* [WORK INSTRUCTION] In the entries that follow, find the line containing "Chanel Brooch CC" and the line containing "Micro Printed Silk", then copy exactly everything from the first through the second except the pictures.

* [GIVEN RECORDS]
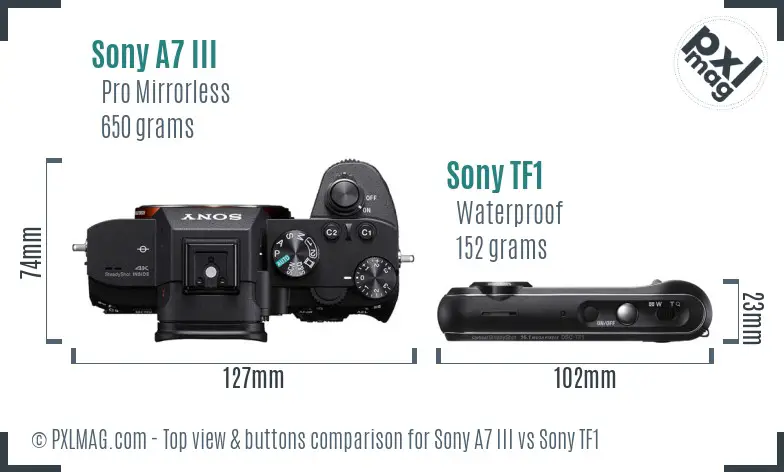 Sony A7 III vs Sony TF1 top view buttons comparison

...

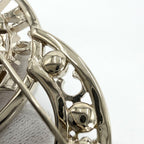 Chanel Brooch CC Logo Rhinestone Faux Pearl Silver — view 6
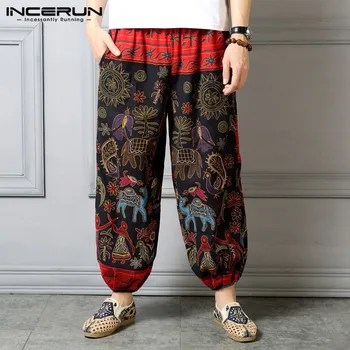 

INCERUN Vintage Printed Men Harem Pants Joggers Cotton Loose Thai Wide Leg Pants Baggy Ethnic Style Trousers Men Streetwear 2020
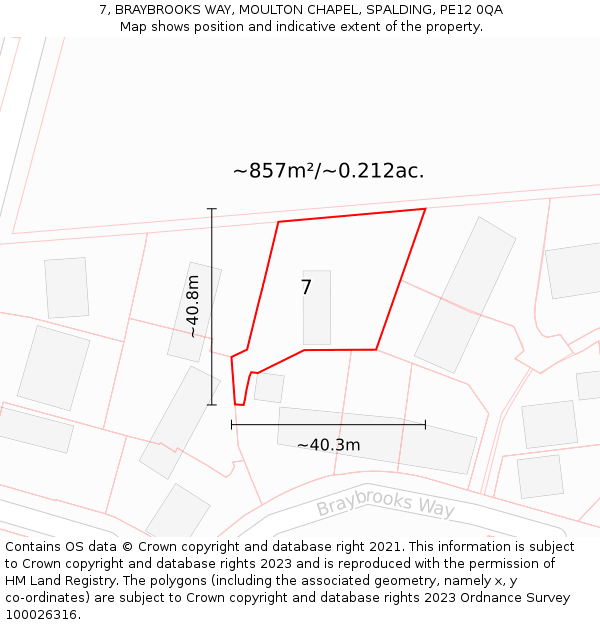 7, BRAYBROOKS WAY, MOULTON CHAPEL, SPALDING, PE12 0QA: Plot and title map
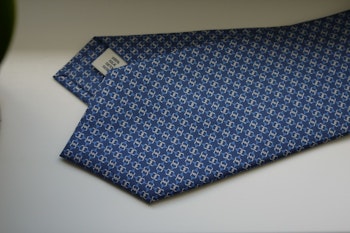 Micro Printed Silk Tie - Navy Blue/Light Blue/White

* [RESPONSE TO THE EXERCISE]
 Chanel Brooch CC Logo Rhinestone Faux Pearl Silver — view 6

INCERUN Vintage Printed Men Harem Pants Joggers Cotton Loose Thai Wide Leg Pants Baggy Ethnic Style Trousers Men Streetwear 2020
 7, BRAYBROOKS WAY, MOULTON CHAPEL, SPALDING, PE12 0QA: Plot and title map
 Micro Printed Silk Tie - Navy Blue/Light Blue/White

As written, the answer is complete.